SPACE-SPLIT ALGORITHM FOR SENSITIVITY ANALYSIS OF DISCRETE CHAOTIC SYSTEMS WITH MULTIDIMENSIONAL UNSTABLE MANIFOLDS

Accurate approximations of the change of a system's output and its statistics with respect to the input are highly desired in computational dynamics. Ruelle's linear response theory provides breakthrough mathematical machinery for computing the linear response of chaotic dy-namical systems.
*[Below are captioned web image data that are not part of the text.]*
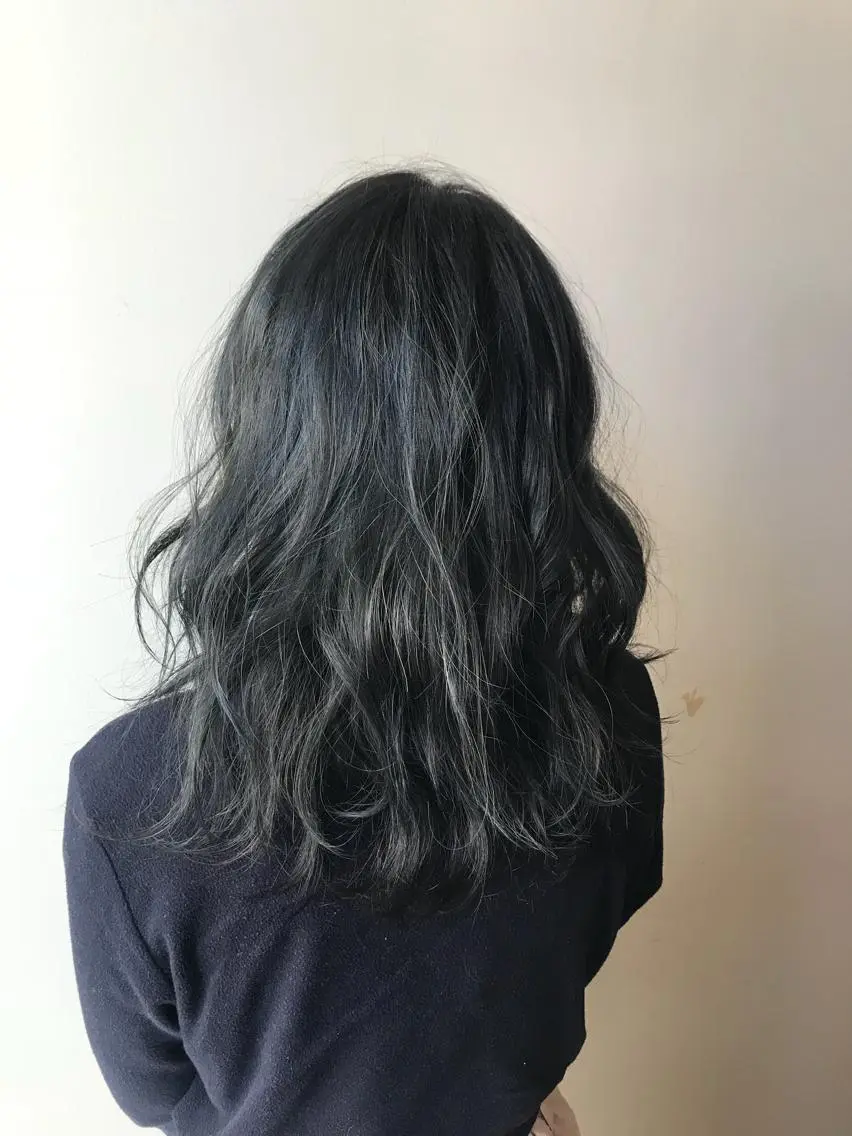 セミロング カラー アッシュ ブルーカラー ブルーアッシュ ヘアカラー トリートメント 🎊ルービック 京橋店💛のヘアスタイル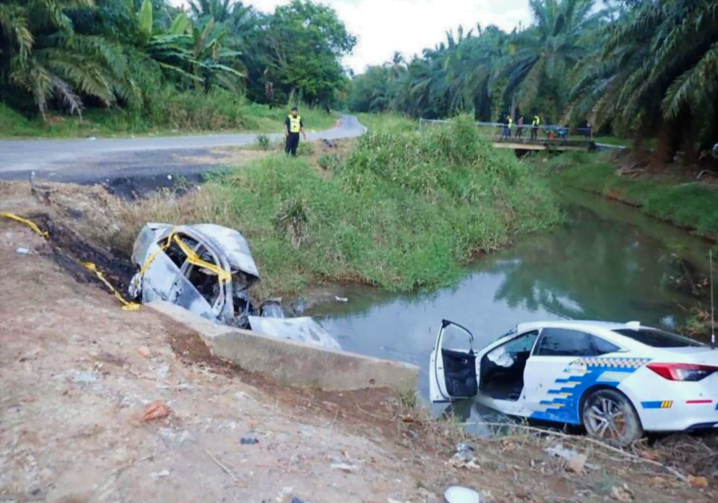 Suspek rentung, dua anggota polis parah kereta terbabas dalam parit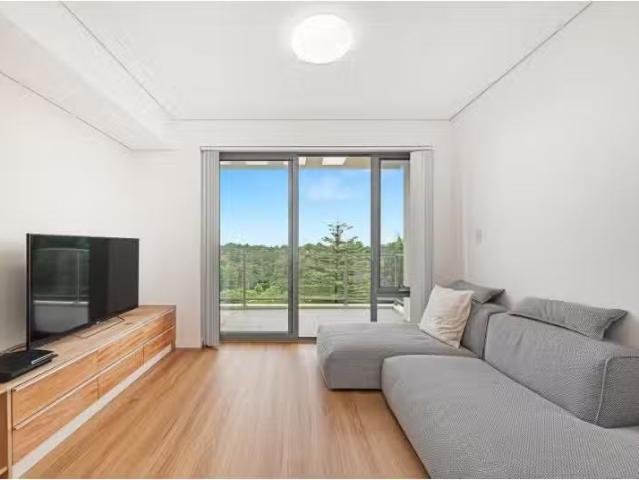 Apartment for rent in Lower North Shore, Sydney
In this paper, we propose an algorithm for sensitivity analysis of discrete chaos with an arbitrary number of positive Lyapunov exponents. We combine the concept of perturbation space-splitting, which regularizes Ruelle's original expression, with measure-based parameterization of the expanding subspace. We use these tools to rigorously derive trajectory-following recursive relations that converge exponentially fast and construct a memory-efficient Monte Carlo scheme for derivatives of the output statistics. Thanks to the regularization and lack of simplifying assumptions on the system's behavior, our method is immune to the common problems of other popular methods such as the exploding tangent solutions and unphysical shadowing directions. We provide a ready-to-use algorithm, analyze its complexity, and demonstrate several numerical examples of sensitivity computation using physically inspired low-dimensional systems.

Automated summary

This paper proposes an algorithm for sensitivity analysis of chaotic systems with an arbitrary number of positive Lyapunov exponents. By combining perturbation space-splitting and measure-based parameterization, trajectory-following recursive relations and a memory-efficient Monte Carlo scheme are derived to compute the derivatives of the output statistics accurately.